───── Supplied records

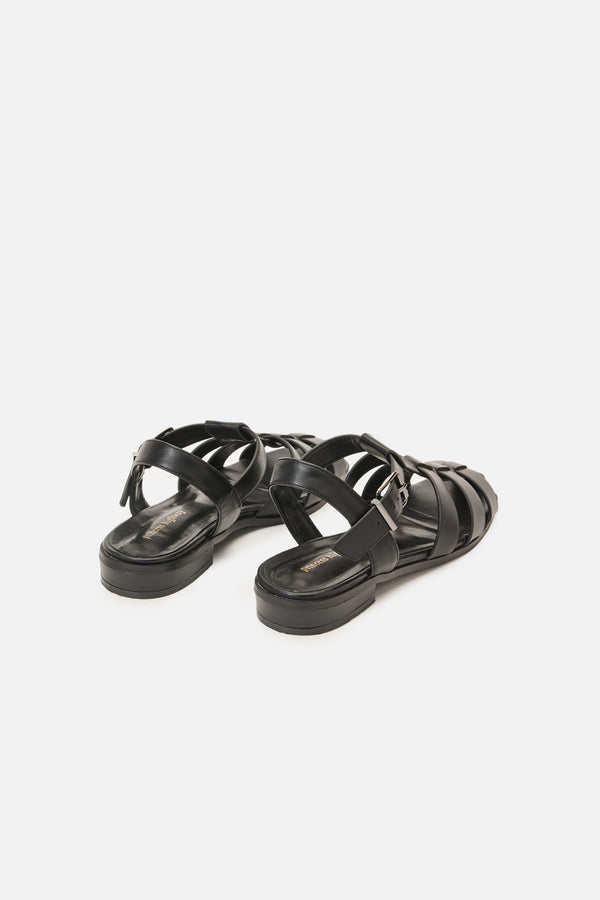 Princess Highway - Black Closed Toe Sandals - black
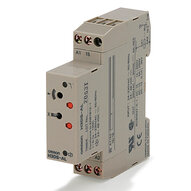 Wyłącznik czasowy, montaż na szynę DIN, 17,5 mm, 24-230 VAC/24-48 VDC, opóźnienie włączenia, 0,1 s-120 h (H3DS-AL AC/DC) - Omron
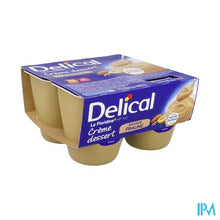 Load image into Gallery viewer, Delical Creme Dessert La Floridine Praline 4x200g
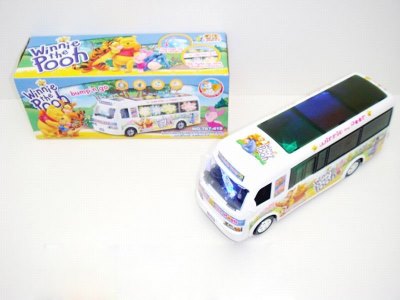 B/O BUS W/3D LIGHT & MUSIC  - HP1015585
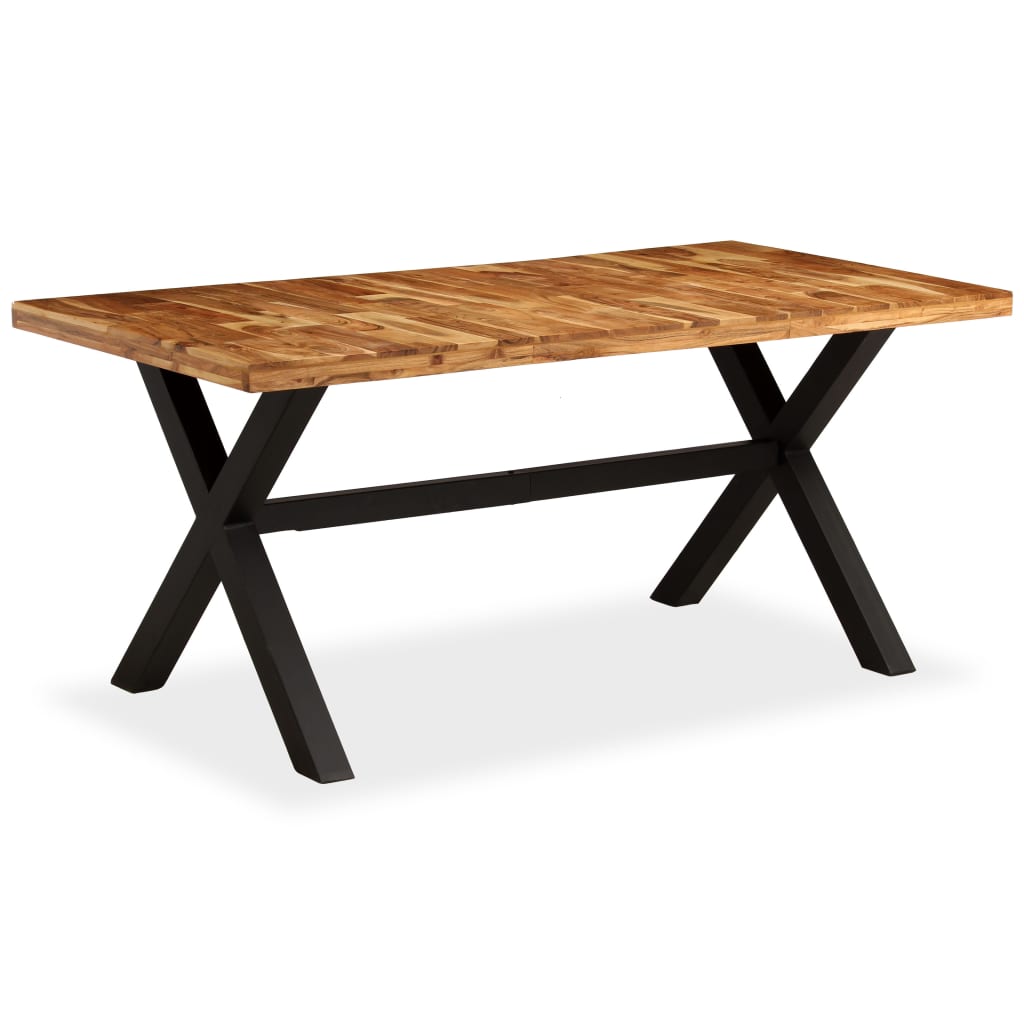 Spisebord Heltre Akasie Og Mango 180X90X76 Cm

──────────

* Work instruction
Repeat the material above word for word but skip the images.

* Reply
 Princess Highway - Black Closed Toe Sandals - black
 Wyłącznik czasowy, montaż na szynę DIN, 17,5 mm, 24-230 VAC/24-48 VDC, opóźnienie włączenia, 0,1 s-120 h (H3DS-AL AC/DC) - Omron
 Load image into Gallery viewer, Delical Creme Dessert La Floridine Praline 4x200g
 B/O BUS W/3D LIGHT & MUSIC  - HP1015585
 Spisebord Heltre Akasie Og Mango 180X90X76 Cm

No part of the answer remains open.